» What you should do
An exact copy of the data below is needed; please leave out any pictures.

Source records:

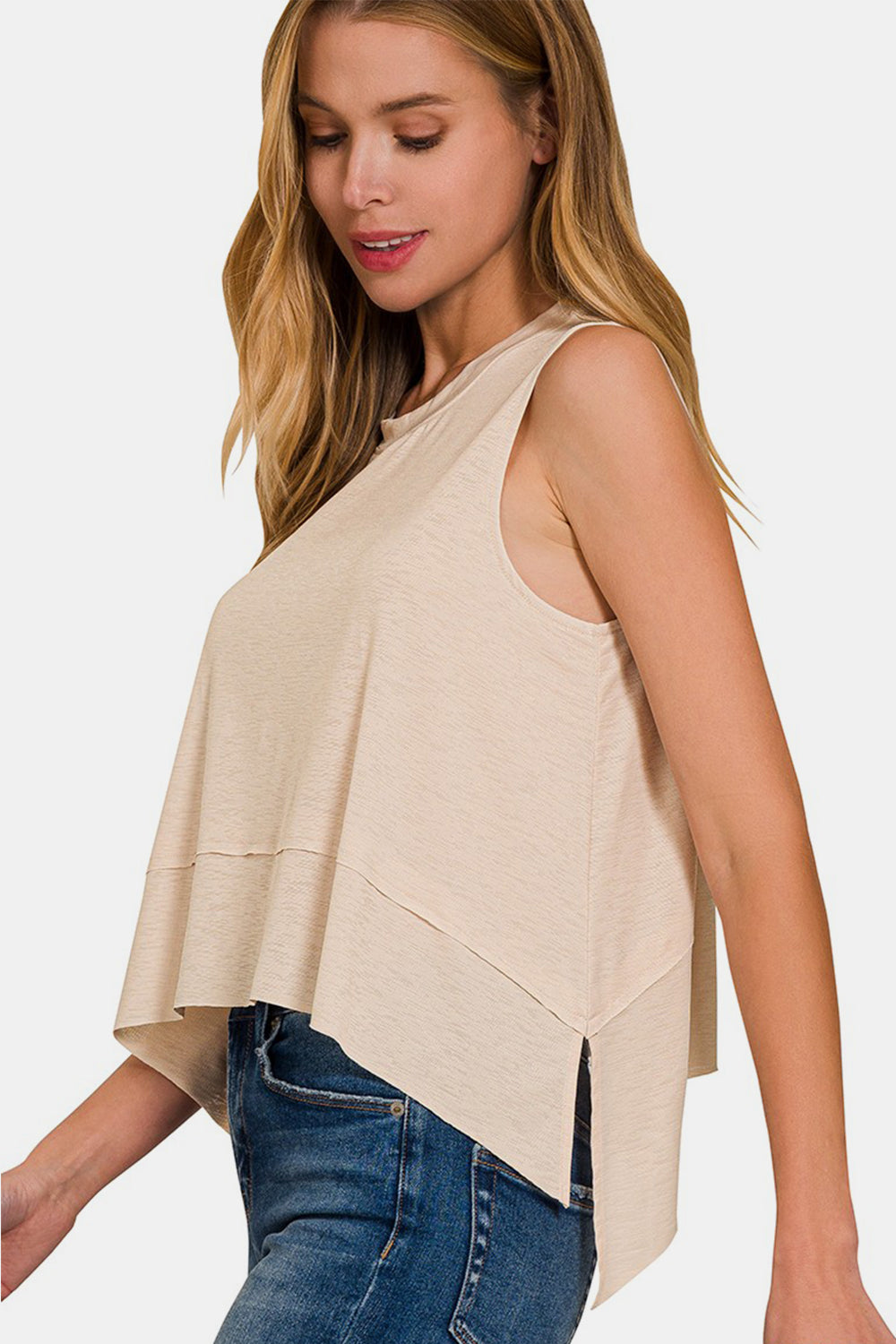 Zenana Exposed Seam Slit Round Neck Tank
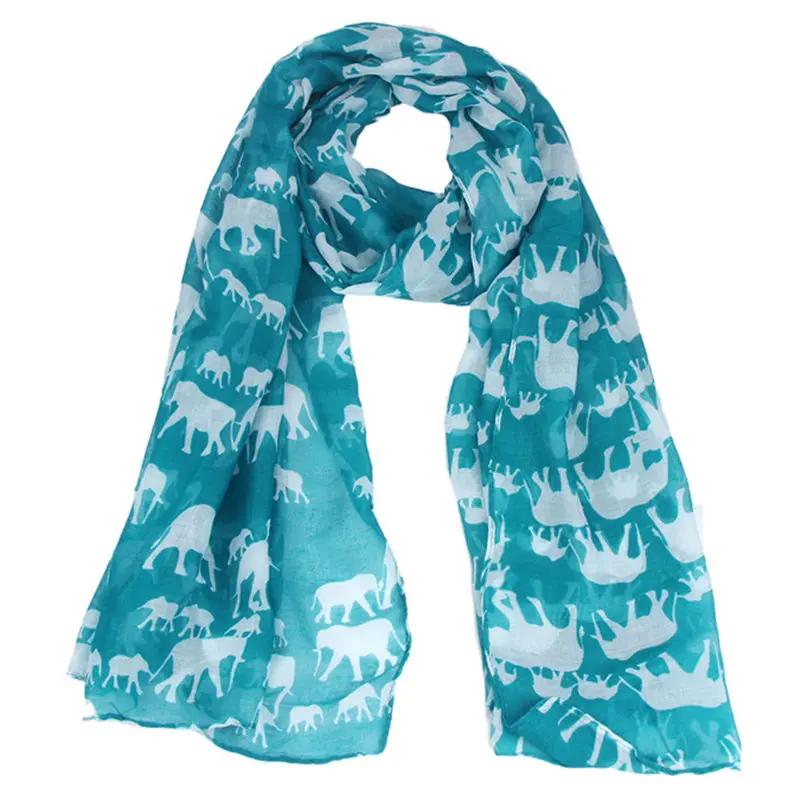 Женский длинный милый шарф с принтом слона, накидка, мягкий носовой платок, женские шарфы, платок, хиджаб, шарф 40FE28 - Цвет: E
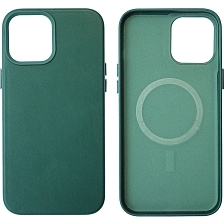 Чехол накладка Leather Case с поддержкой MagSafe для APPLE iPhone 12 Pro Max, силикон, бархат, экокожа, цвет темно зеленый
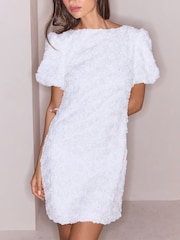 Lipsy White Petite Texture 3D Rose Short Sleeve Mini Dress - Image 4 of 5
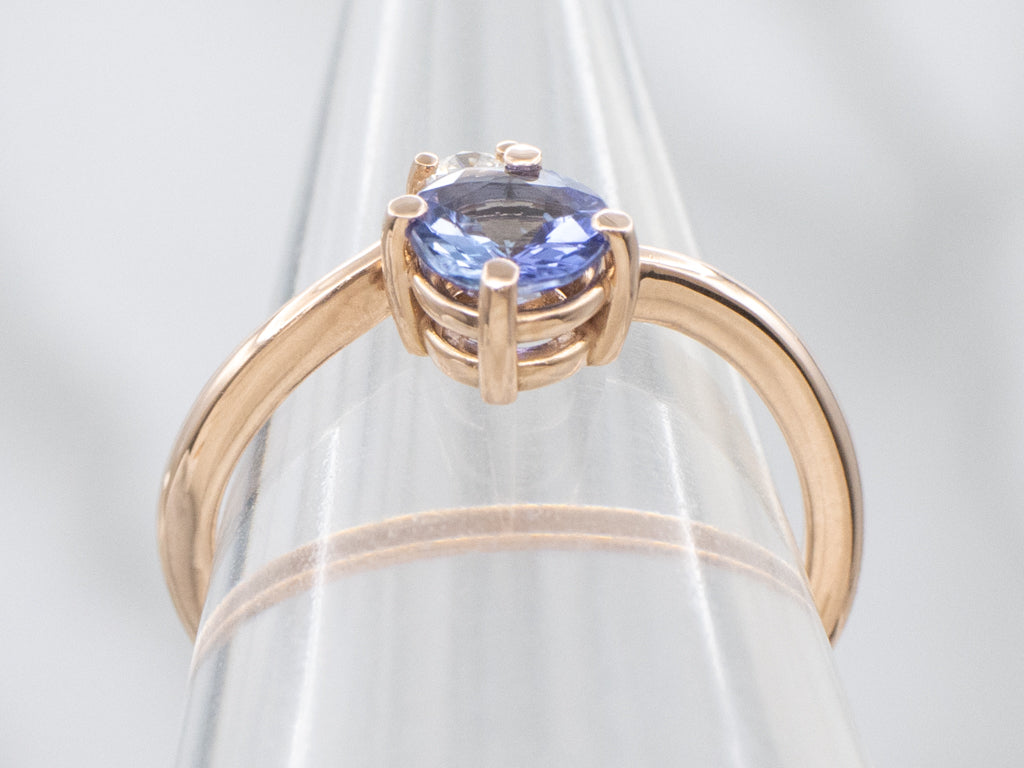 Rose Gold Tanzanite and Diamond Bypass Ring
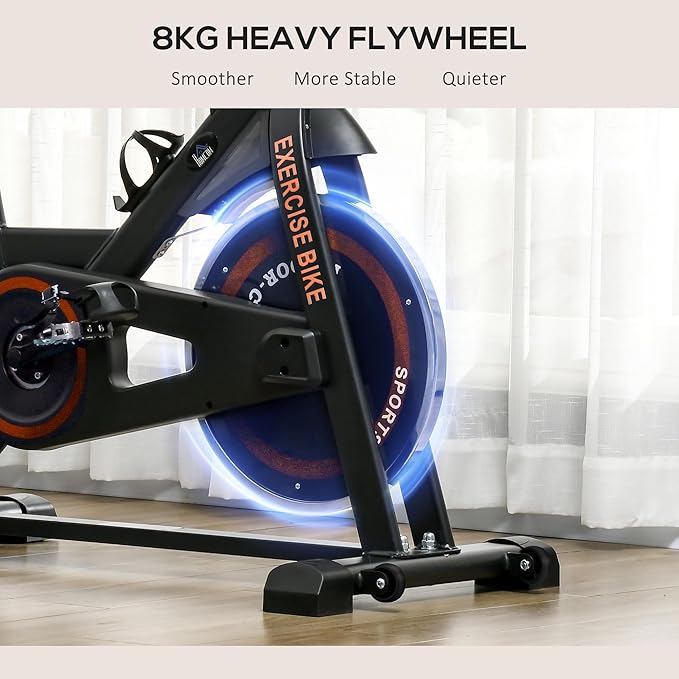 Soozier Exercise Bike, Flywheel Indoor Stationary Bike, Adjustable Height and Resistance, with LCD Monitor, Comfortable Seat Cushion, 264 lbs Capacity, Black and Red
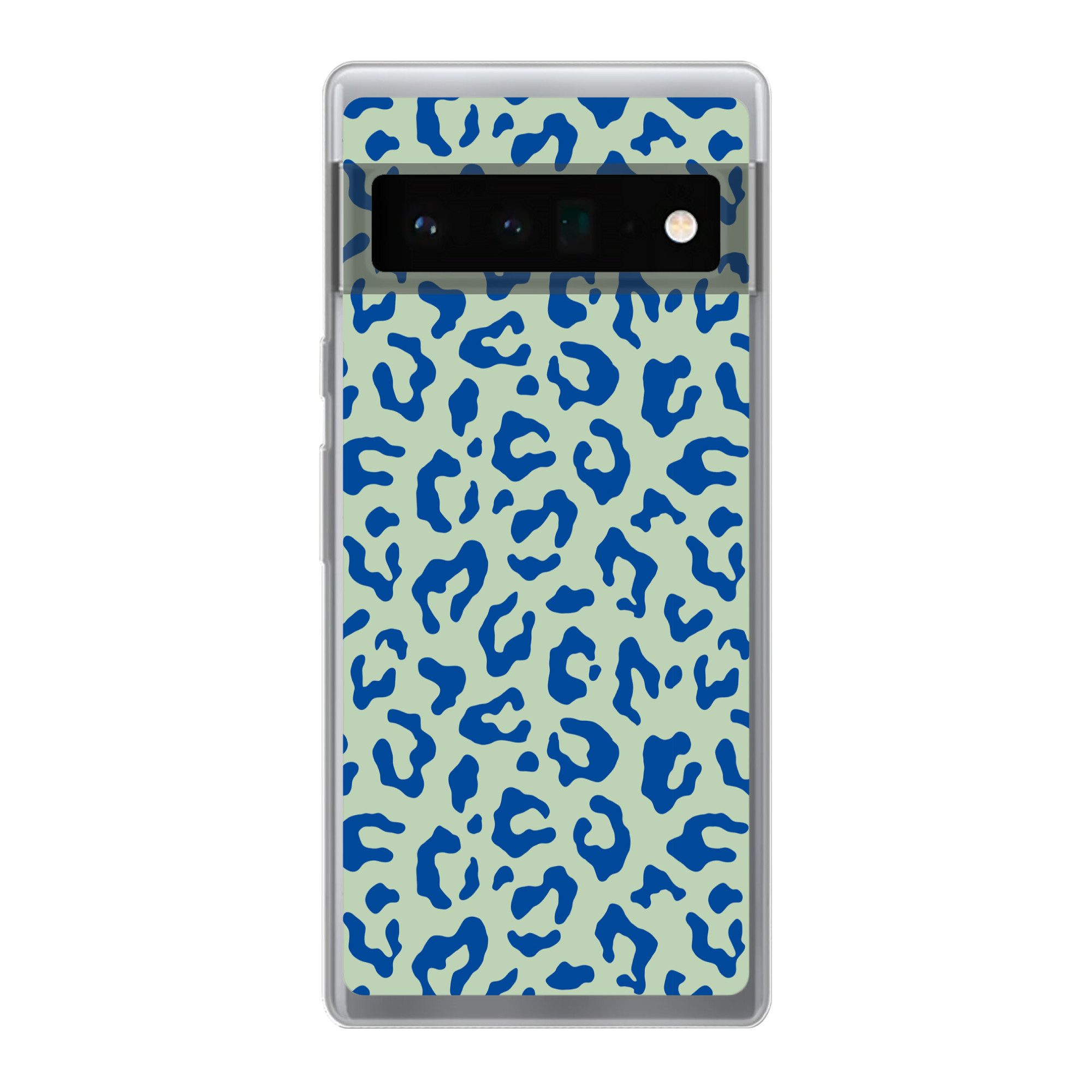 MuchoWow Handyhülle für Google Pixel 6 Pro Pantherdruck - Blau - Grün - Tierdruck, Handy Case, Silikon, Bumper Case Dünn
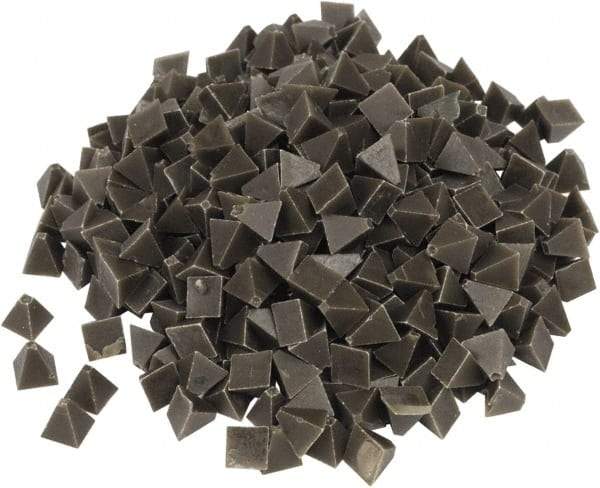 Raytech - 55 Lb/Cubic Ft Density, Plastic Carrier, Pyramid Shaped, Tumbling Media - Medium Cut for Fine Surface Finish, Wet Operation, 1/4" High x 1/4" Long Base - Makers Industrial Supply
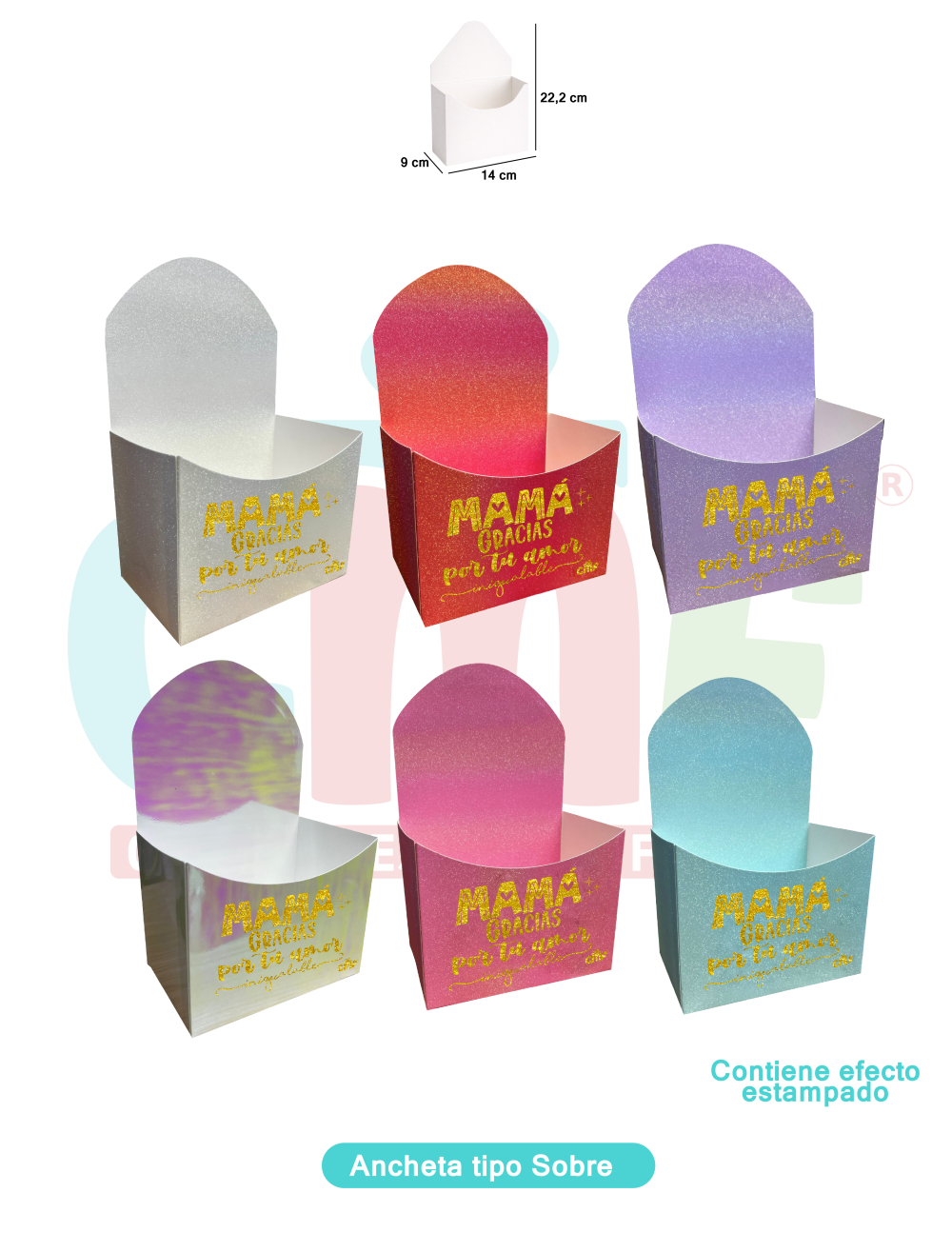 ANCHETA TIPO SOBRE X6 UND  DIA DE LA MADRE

» Task output
 Zenana Exposed Seam Slit Round Neck Tank
 Женский длинный милый шарф с принтом слона, накидка, мягкий носовой платок, женские шарфы, платок, хиджаб, шарф 40FE28 - Цвет: E
 Чехол накладка Leather Case с поддержкой MagSafe для APPLE iPhone 12 Pro Max, силикон, бархат, экокожа, цвет темно зеленый
 Lipsy White Petite Texture 3D Rose Short Sleeve Mini Dress - Image 4 of 5
 Rose Gold Tanzanite and Diamond Bypass Ring
 Soozier Exercise Bike, Flywheel Indoor Stationary Bike, Adjustable Height and Resistance, with LCD Monitor, Comfortable Seat Cushion, 264 lbs Capacity, Black and Red
 MuchoWow Handyhülle für Google Pixel 6 Pro Pantherdruck - Blau - Grün - Tierdruck, Handy Case, Silikon, Bumper Case Dünn
 Raytech - 55 Lb/Cubic Ft Density, Plastic Carrier, Pyramid Shaped, Tumbling Media - Medium Cut for Fine Surface Finish, Wet Operation, 1/4" High x 1/4" Long Base - Makers Industrial Supply
 ANCHETA TIPO SOBRE X6 UND  DIA DE LA MADRE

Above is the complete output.